Listening is one of the easiest things you'll ever do, and one of the hardest. In a sense, listening is easy -- or hearing is easy. It doesn't demand the initiative and energy required in speaking. That's why "faith comes from hearing, and hearing through the word of Christ" (Romans 10:17). The point is that hearing is easy, and faith is not an expression of our activity, but our receiving the activity of another. It is "hearing with faith" (Galatians 3:2, 5) that accents the achievements of Christ and thus is the channel of grace that starts and sustains the Christian life.

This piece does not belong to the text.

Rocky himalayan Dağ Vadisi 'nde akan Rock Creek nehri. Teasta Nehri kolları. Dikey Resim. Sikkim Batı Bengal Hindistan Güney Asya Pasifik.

But despite this ease -- or perhaps precisely because of it -- we often fight against it. In our sin, we’d rather trust in ourselves than another, amass our own righteousness than receive another's, speak our thoughts rather than listen to someone else. True, sustained, active listening is a great act of faith, and a great means of grace, both for ourselves and for others in the fellowship.
Lessons in Good Listening
The charter text for Christian listening might be James 1:19: "Let every person be quick to hear, slow to speak, slow to anger." It's simple enough in principle, and nearly impossible to live. Too often we are slow to hear, quick to speak, and quick to anger. So learning to listen well won’t happen overnight. It requires discipline, effort, and intentionality. You get better with time, they say. Becoming a better listener hangs not on one big resolve to do better in a single conversation, but on developing a pattern of little resolves to focus in on particular people in specific moments.